Enfin, d’un point de vue pratique, la pérennité de ces accords avec les pays tiers sûrs n’est même pas assurée. L’efficacité de ce mécanisme dépendrait en effet étroitement de celle de la police de l’État concerné ; tous les pays tiers, fussent-ils qualifiés de sûrs au regard du droit d’asile, ne sont pas aussi structurés et équipés que les Turcs pour surveiller leurs frontières. Or, si le pays tiers présumé sûr n’est pas capable de contrôler ses frontières, il apparaîtra rapidement inutile d’y reconduire qui que ce soit. La solution des pays tiers sûrs rencontrera ainsi très vite les limites de sa soi-disant efficacité.
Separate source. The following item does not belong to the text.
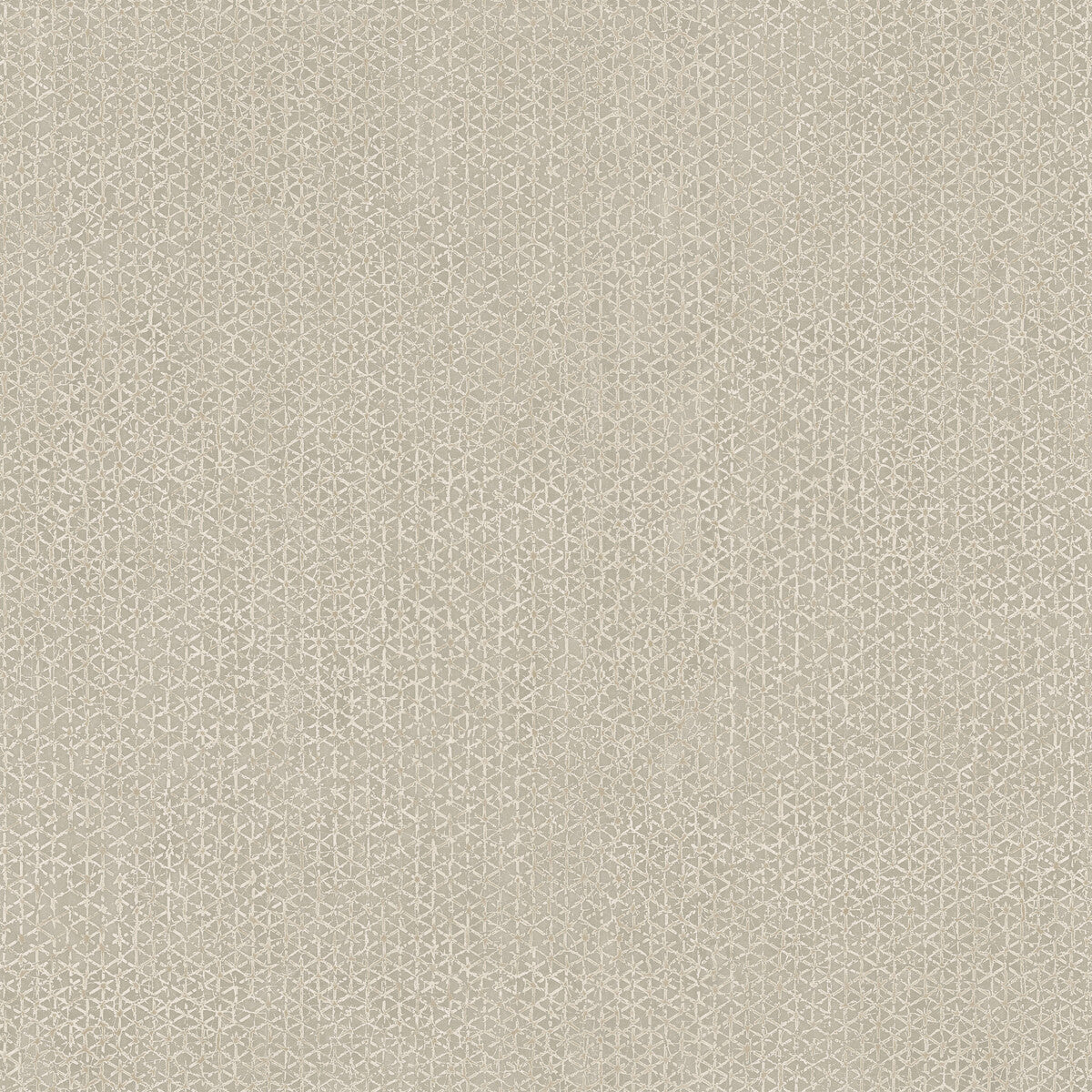 Kravet Design-W3741-106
Le refus d’une irrecevabilité automatique liée au passage par un pays tiers sûr ne
signifie pas que l’UE ne doit pas rechercher, avec les pays d’origine et de transit, des accords pour sécuriser le parcours des demandeurs d’asile et offrir des solutions d’accueil aux autres migrants, dans des conditions décentes. C’est un aspect auquel nos travaux s’attacheront.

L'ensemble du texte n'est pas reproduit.